Data for this task ▸
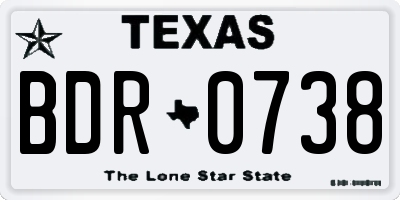 TX license plate BDR0738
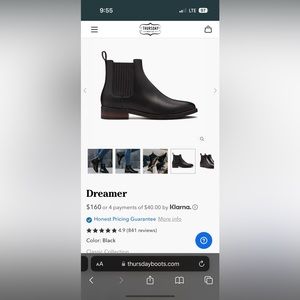 Thursday Boot Dreamer Black 8.5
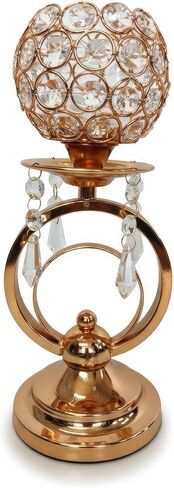 ICE Armor 12" H Rose Golden Color Pedestal Bowl with Crystal Rings and Artistic Metal Candle Holder Elegant Home Décor Accent, Decorative Candle Holder, Warm & Thoughtful Gift Idea in Saudi Arabia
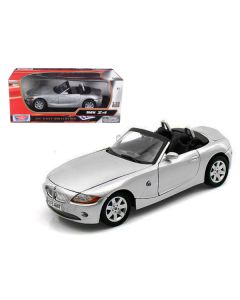 Motormax BMW Z4 Convertible - 1/18 Scale Silver Diecast Model Car (L-10, W-4, H-3 inches)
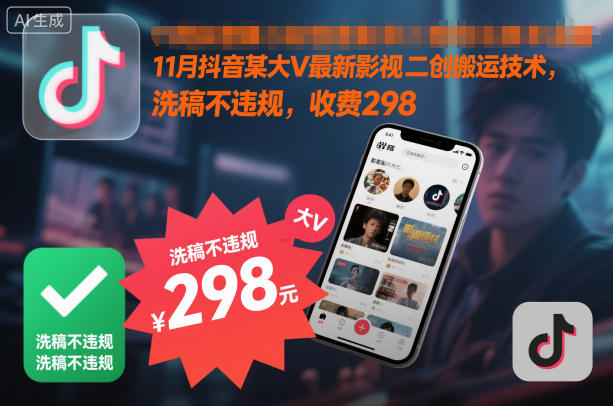 11月抖音某大V最新影视二创搬运技术,洗稿不违规,收费298-K6源码网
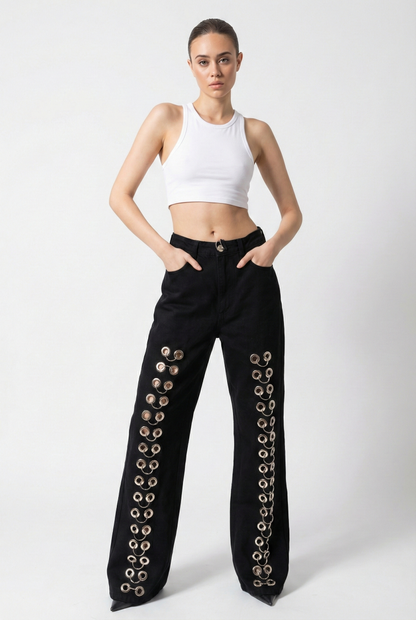 High Waisted Black Grommet Denim Jeans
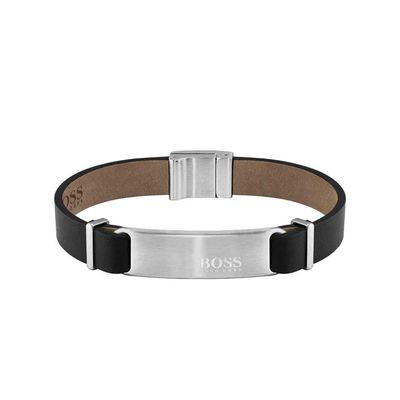 BOSS 1580044M Men's Urbanite Black Leather Bracelet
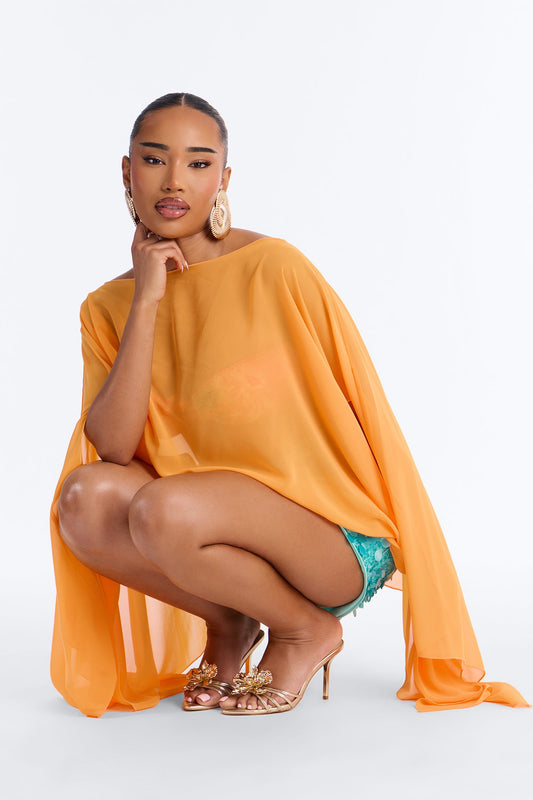 Get In Line Long Chiffon Kimono Top - Orange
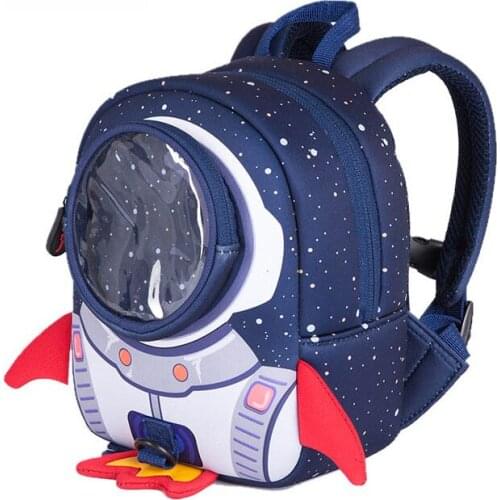 2019 new childrens cartoon school bag 3D rocket girl anti-lost bag cartoon high-end toy boy backpack kindergarten bag Mochila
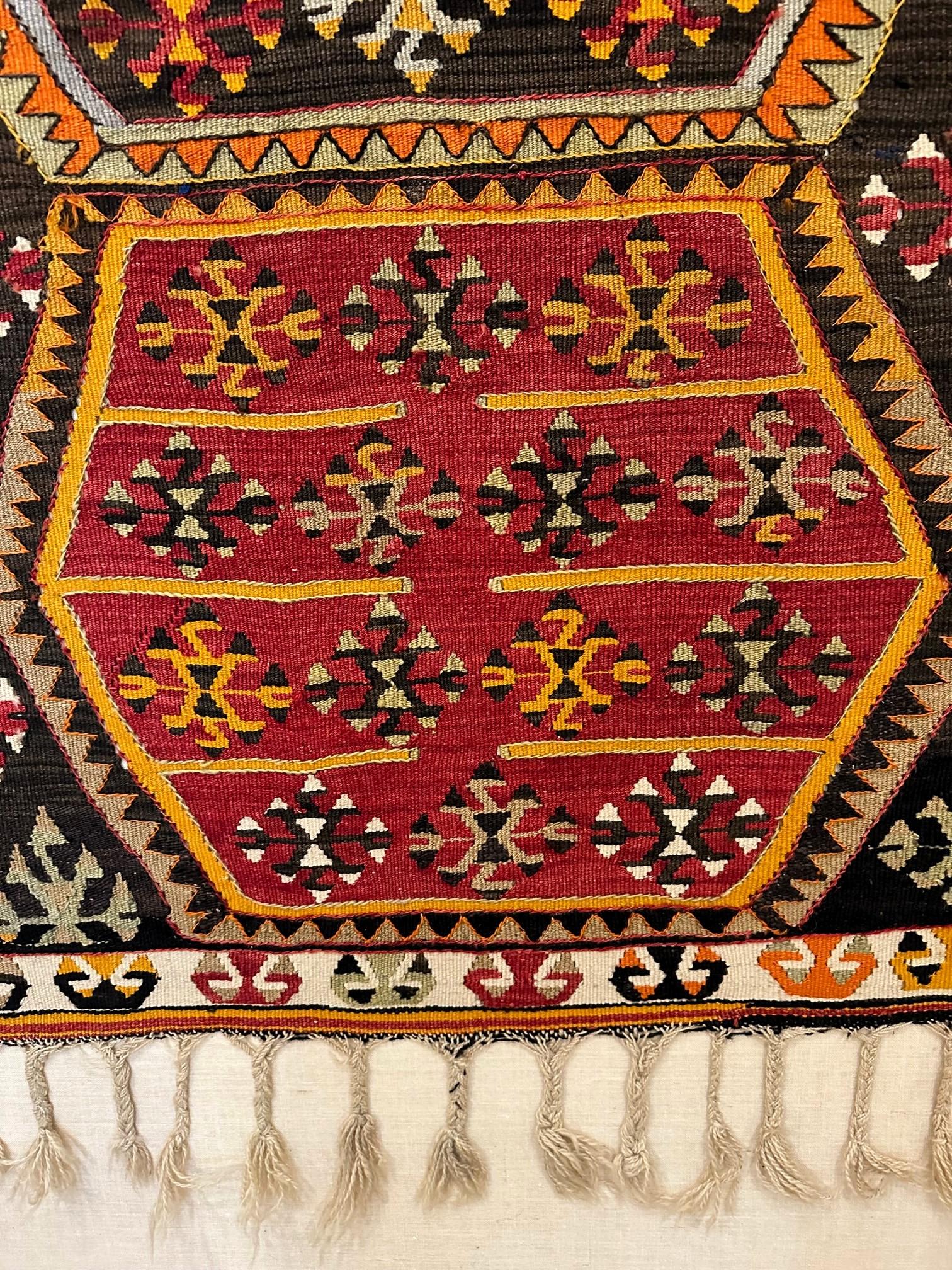 Antique Turkish Anatolian Kilim of Matrimony Mounted on Display For Sale 2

Task brief ▸ In the answer, the data should reappear exactly, with no pictures.

Completed task ▸
 TX license plate BDR0738
 Thursday Boot Dreamer Black 8.5
 ICE Armor 12" H Rose Golden Color Pedestal Bowl with Crystal Rings and Artistic Metal Candle Holder Elegant Home Décor Accent, Decorative Candle Holder, Warm & Thoughtful Gift Idea in Saudi Arabia
 Motormax BMW Z4 Convertible - 1/18 Scale Silver Diecast Model Car (L-10, W-4, H-3 inches)
 11月抖音某大V最新影视二创搬运技术,洗稿不违规,收费298-K6源码网
 High Waisted Black Grommet Denim Jeans
 BOSS 1580044M Men's Urbanite Black Leather Bracelet
 Get In Line Long Chiffon Kimono Top - Orange
 2019 new childrens cartoon school bag 3D rocket girl anti-lost bag cartoon high-end toy boy backpack kindergarten bag Mochila
 Antique Turkish Anatolian Kilim of Matrimony Mounted on Display For Sale 2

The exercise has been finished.